_EXERCISE INSTRUCTIONS:_ Extract each line from the entries below that has the string "Audi" in it.

** MATERIAL FOR THE TASK follows **

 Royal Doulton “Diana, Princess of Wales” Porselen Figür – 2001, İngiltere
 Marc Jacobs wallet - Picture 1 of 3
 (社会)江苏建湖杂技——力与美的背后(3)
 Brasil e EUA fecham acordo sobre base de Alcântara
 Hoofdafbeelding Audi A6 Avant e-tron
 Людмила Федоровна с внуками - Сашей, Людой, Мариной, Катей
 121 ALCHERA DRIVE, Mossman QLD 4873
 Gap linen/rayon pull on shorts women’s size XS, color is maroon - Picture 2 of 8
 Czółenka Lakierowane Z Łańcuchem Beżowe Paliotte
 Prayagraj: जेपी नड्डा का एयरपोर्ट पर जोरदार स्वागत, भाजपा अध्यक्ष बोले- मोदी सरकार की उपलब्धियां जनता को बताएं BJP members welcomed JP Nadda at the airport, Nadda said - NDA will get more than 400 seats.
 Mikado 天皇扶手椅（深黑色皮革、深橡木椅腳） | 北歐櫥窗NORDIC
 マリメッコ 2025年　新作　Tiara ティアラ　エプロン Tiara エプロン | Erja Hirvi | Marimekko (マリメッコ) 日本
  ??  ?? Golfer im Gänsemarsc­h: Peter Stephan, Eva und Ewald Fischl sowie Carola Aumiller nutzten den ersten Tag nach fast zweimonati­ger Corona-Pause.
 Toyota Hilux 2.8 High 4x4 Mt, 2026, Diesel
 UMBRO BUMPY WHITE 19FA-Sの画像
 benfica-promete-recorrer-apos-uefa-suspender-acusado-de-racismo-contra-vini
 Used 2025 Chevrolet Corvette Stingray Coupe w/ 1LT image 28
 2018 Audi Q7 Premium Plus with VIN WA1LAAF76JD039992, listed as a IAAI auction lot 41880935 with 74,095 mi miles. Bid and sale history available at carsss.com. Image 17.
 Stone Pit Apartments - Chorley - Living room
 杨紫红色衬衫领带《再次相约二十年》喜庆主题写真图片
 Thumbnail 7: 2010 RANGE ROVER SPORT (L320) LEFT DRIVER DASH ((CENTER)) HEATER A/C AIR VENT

** End of MATERIAL FOR THE TASK **

_ANSWER TO THE EXERCISE:_
 Hoofdafbeelding Audi A6 Avant e-tron
 2018 Audi Q7 Premium Plus with VIN WA1LAAF76JD039992, listed as a IAAI auction lot 41880935 with 74,095 mi miles. Bid and sale history available at carsss.com. Image 17.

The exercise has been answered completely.